This is the time of year when farms, regardless of size, find the operator with time on his or her hands. Sure, livestock still needs to be managed and fed, and ongoing marketing of grains or other farm output has to be tended to. But the basic sunrise-to-sunset land-based activities that so many farmers love and enjoy in warmer times is essentially absent this time of year.
That means it’s the perfect time for maintenance! The best place to start is to evaluate your workplace with the right tools. Surprisingly, your best tool for addressing maintenance issues is a simple shirt-pocket notepad and a pencil.
The next calm, not-frigid morning, take a few minutes to walk around your property with fresh eyes and write down what you see. Does the barn need painting? Do you have to use the side door to enter the equipment shed because the main door is still broken? How about that pile of lumber you stacked in the fall for a project—is it still there?
Look for more out-of place things like tillage tools and vehicles that you meant to put into a storage shed, and garden paraphernalia. All these need to be addressed.

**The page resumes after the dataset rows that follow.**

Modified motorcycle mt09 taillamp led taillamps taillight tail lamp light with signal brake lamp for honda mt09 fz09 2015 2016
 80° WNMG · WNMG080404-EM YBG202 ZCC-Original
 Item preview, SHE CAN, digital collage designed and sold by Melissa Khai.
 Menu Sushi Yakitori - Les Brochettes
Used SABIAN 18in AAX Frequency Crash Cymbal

Your residence, even if it’s relatively new, requires maintenance. Check the roofing for signs of early-winter damage. Do you have leaves, branches, or limbs that have collected in valleys and gutters? Are shutters still in place? How about chimneys—do they still have vents or anti-varmint screens attached? Make a note on your to-do list.
Write down all of this and post these notes in a place that will nag at you. The kitchen refrigerator, workbench, or pickup truck dashboard, are spaces we see every day.
Alternatively, you could mention your to-do list to the fellas you have coffee with—they’ll be delighted to remind you!
Regular maintenance is vital to any piece of equipment. Not only does it cost less overall than having to repair catastrophic damage, but it is infinitely easier to budget for a small regular expense on an ongoing basis, than a potentially much larger expense that could hit at any time with no warning.
Regular maintenance not only keeps the farmer in control of these expenses, but also decreases the chance of surprise if a major failure does occur. There are a number of components that show visible signs of wear long before they fail, which means the person doing regular maintenance can see the signs and is then able to take preventative action beforehand.
One of the most important aspects of maintenance is cleaning; it is also the first step. Regular cleaning not only prevents damage by ensuring nothing gets stuck in the machinery, which can be particularly important with equipment like combine harvesters which have a lot of moving parts, but is also a necessary precursor to inspecting the equipment or implements for wear and damage.
If you don’t have hot-and-cold running water and floor drains in your equipment shed, bring a bucket of warm water and rags and remove what you can prior to springtime.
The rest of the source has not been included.